● WHAT YOU SHOULD DO: Beginning with the line that contains "vidaXL Uvlačiva bočna" and ending with the line that contains "Nature-Inspired Bezel Pear", reproduce the lines of the entries below exactly, omitting pictures.

● DATASET CONTENT:
+ + +
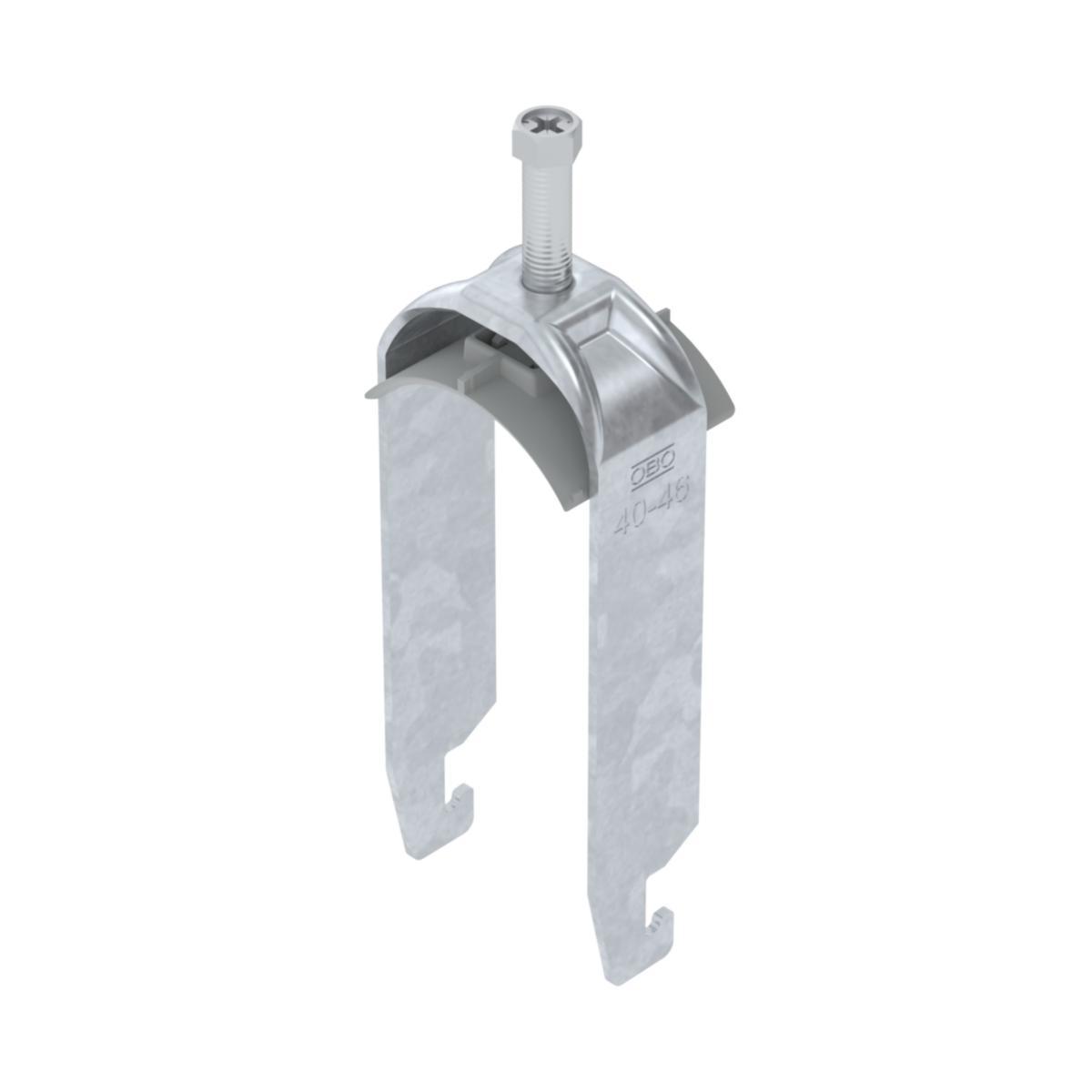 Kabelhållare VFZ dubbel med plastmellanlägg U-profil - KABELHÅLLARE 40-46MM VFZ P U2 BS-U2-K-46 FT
+ + +
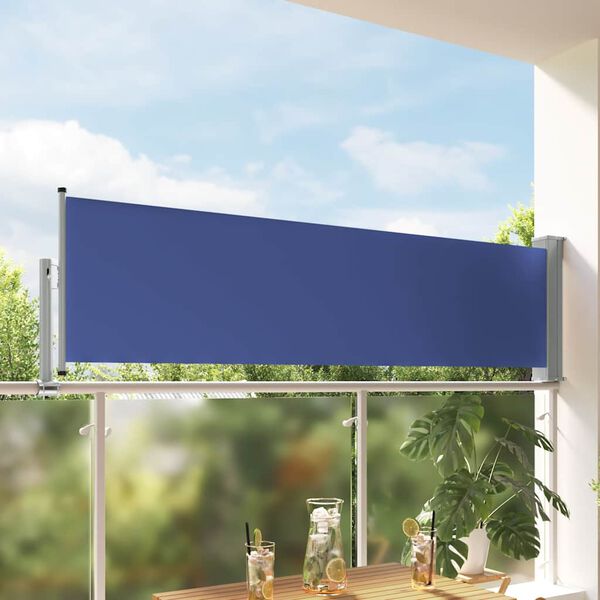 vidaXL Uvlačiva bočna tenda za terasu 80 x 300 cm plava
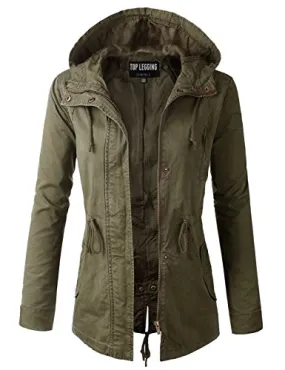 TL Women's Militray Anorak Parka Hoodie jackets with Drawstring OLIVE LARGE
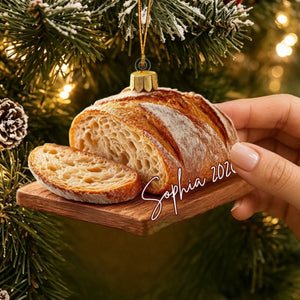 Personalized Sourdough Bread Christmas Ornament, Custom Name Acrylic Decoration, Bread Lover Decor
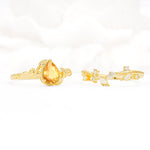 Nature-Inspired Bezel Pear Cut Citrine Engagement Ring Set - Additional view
+ + +
● RESPONSE TO THIS TASK:
 vidaXL Uvlačiva bočna tenda za terasu 80 x 300 cm plava
 TL Women's Militray Anorak Parka Hoodie jackets with Drawstring OLIVE LARGE
 Personalized Sourdough Bread Christmas Ornament, Custom Name Acrylic Decoration, Bread Lover Decor
 Nature-Inspired Bezel Pear Cut Citrine Engagement Ring Set - Additional view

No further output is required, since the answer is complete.